Ações da Adobe despencam mesmo com recorde de receita e aposta em IA

A queda recente nas ações da Adobe, apesar de resultados sólidos e foco em inteligência artificial (IA), reflete o crescente ceticismo do mercado em relação à capacidade da empresa de transformar seus investimentos em IA em ganhos financeiros tangíveis. Essa reação se tornou evidente após a divulgação dos resultados do segundo trimestre fiscal de 2025, encerrado em 12 de junho.

A Adobe anunciou uma receita recorde de US$ 5,87 bilhões, um crescimento de 11 % ano a ano, com lucro por ação ajustado de US$ 5,06 — também acima das expectativas do mercado.
Além disso, a empresa elevou a previsão de receita para o ano fiscal entre US$ 23,5 e US$ 23,6 bilhões, reforçando otimismo institucional . No entanto, o mercado reagiu negativamente, e as ações da Adobe caíram entre 5 % e 7 % no dia 13 de junho, como reflexo da incerteza sobre os prazos e a efetividade da monetização dos produtos de IA.

O cerne da preocupação está na adoção da IA como acelerador de crescimento. A Adobe reforçou sua aposta no Firefly — seu modelo de IA generativa em parceria com OpenAI e Google — além de integrar a IA em aplicativos principais como Photoshop, Premiere Pro, Acrobat e Express.
Apesar disso, investidores e analistas expressam dúvidas sobre quando essas tecnologias começarão a gerar receitas significativas.

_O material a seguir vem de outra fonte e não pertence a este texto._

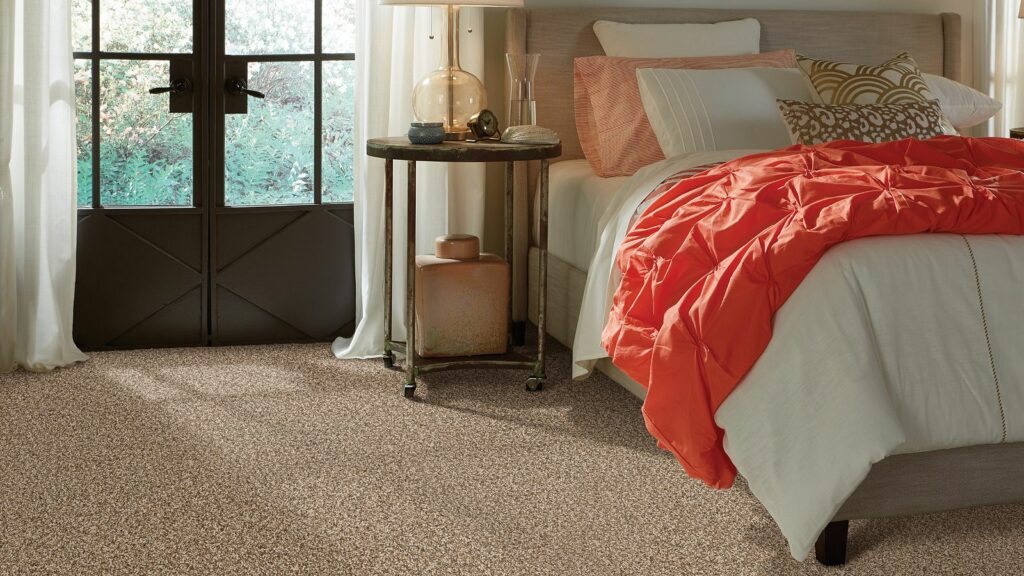 Bedroom flooring | Custom Carpet Centers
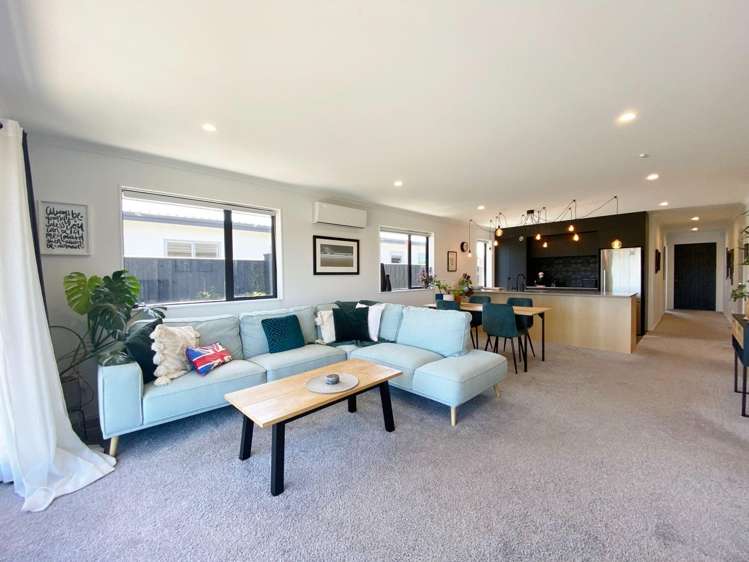 66 Sunline Av Lincoln_6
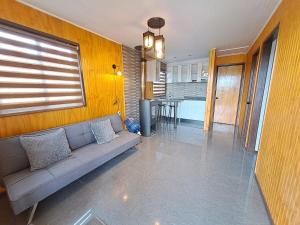 Kuchyň nebo kuchyňský kout v ubytování Quillon Cabaña Privada Vista al Valle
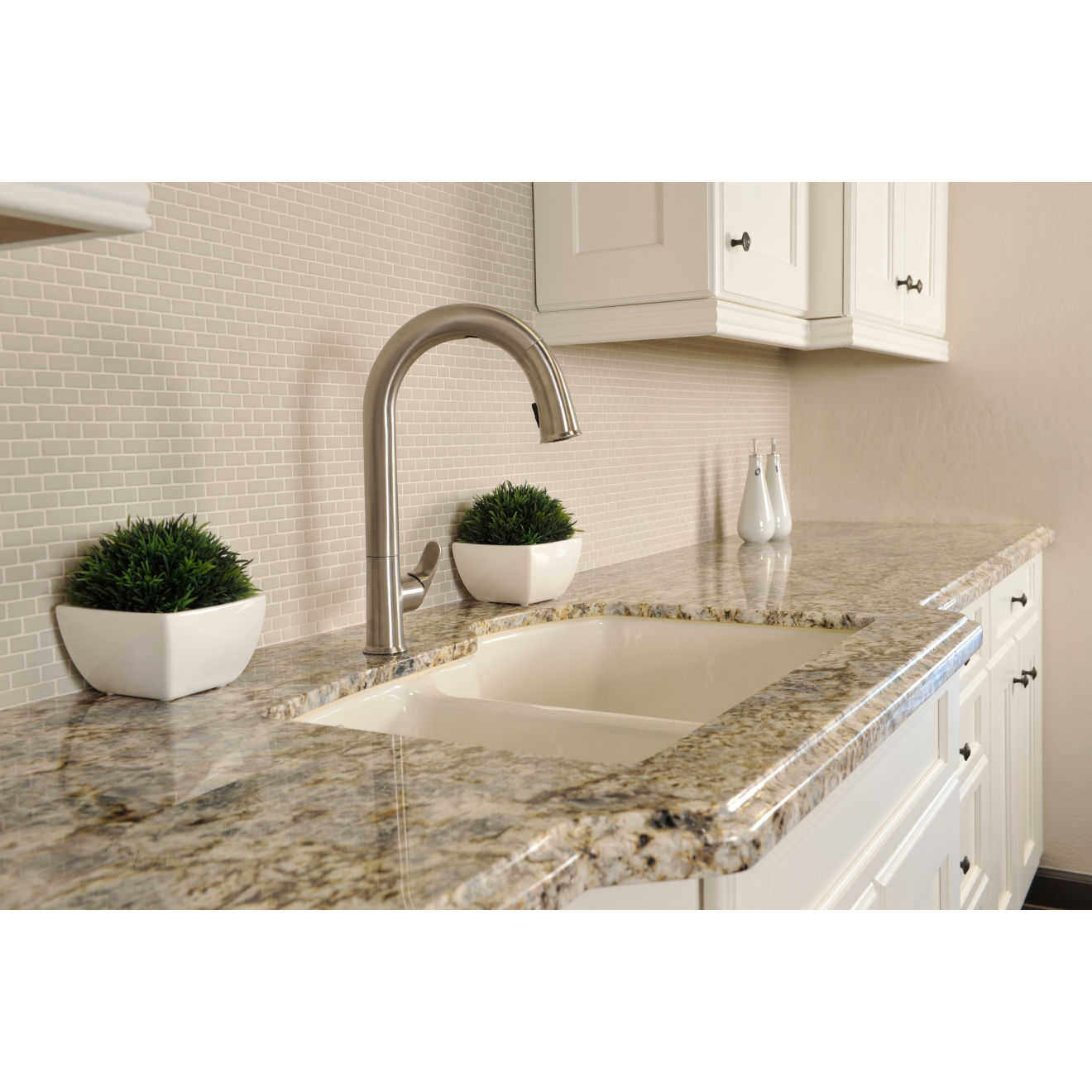 Colonial shop cream granite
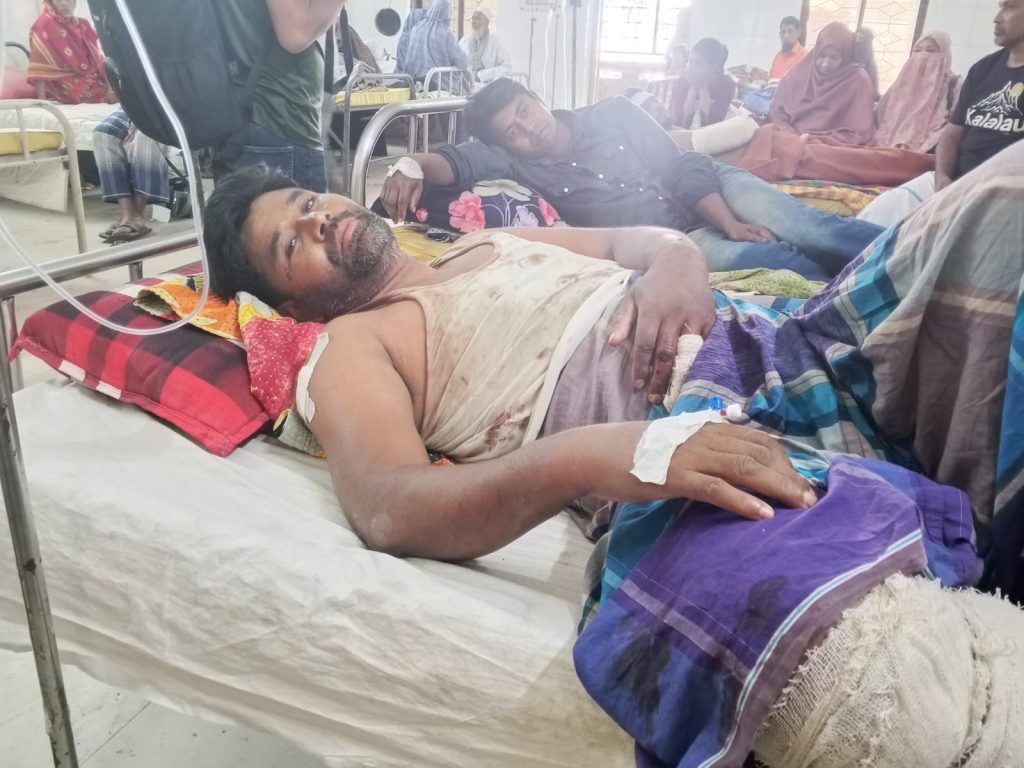 গাইবান্ধার ফুলছড়িতে সশস্ত্র হামলায় নারীসহ অন্তত ১২ জন আহত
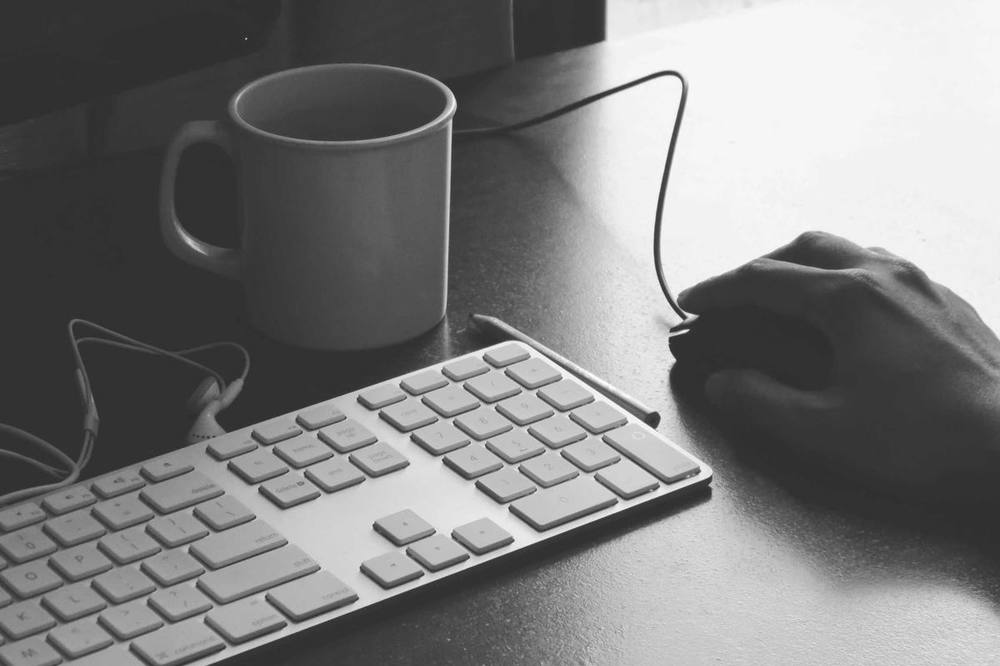 用 AI 给没有 Linux 驱动的硬件写驱动：一个人几天做完过去几周的活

Isso se refletiu em revisões de alvos de preço por grandes corretoras: CFRA, RBC e Citigroup reduziram suas projeções, enquanto Morgan Stanley, Jefferies e Bank of America mantiveram visão otimista, ainda que ponderada.

Em jornais especializados, especialistas ressaltam que, embora a IA esteja gerando engajamento — o Firefly viu aumento de 30 % no tráfego sequencial e dobraram assinaturas pagas, e as ferramentas Acrobat e Express tiveram crescimento combinados acima de 25 % em usuários ativos mensais —, isso ainda não se traduziu em aceleração da receita.
A estimativa de crescimento de 11 % no ARR (Annual Recurring Revenue) do segmento Digital Media, mantida para o próximo trimestre, foi vista como um freio no ímpeto dos analistas.

A tensão entre realidade e expectativas também pode ser explicada por comparações setoriais: a relação preço/lucro projetada da Adobe está em cerca de 19 vezes para 2025, abaixo da média histórica de 31 × e de empresas concorrentes como a Autodesk (~29 ×) . Isso gera um desconforto adicional entre investidores, preocupados se a empresa conseguirá sustentar sua avaliação elevada diante da pressão competitiva e da lenta monetização da IA.

Estratégias financeiras seguem divergentes entre as corretoras. Brian Zelnick, do Deutsche Bank, reiterou classificação “hold” e fixou o alvo em US$ 475, citando a necessidade de ganhos mais expressivos por conta da IA.
Já Kirk Materne, da Evercore ISI, qualificou os resultados como “sólidos”, mas alertou que “não há muitos catalisadores a curto prazo” para elevar o valuation.
A Mizuho, apesar de revisar para baixo alguns targets, manteve classificação “outperform” e enxergou potencial na monetização progressiva da IA.

Este cenário aponta para um momento de transição. A Adobe continua investindo pesado em IA, afirma o CEO Shantanu Narayen — considerando que as ferramentas Firefly e Acrobat AI Assistant são diferenciais competitivos —, mas enfrenta a necessidade de traduzir inovação em receita sustentável.
Para que o otimismo do setor se concretize, mercados esperam um avanço mais rápido nos próximos trimestres, com maior contribuição da IA ao crescimento dos lucros.

Em resumo, embora os resultados tenham superado expectativas e os esforços em IA sinalizem inovação estratégica, a queda das ações reflete a impaciência do mercado com prazos considerados lentos e incertezas na monetização. A Adobe permanece com perfil de empresa de alto potencial, mas precisa demonstrar rápida conversão de seus investimentos em IA em ganhos financeiros mais claros, sob pena de manter suas ações pressionadas no curto prazo.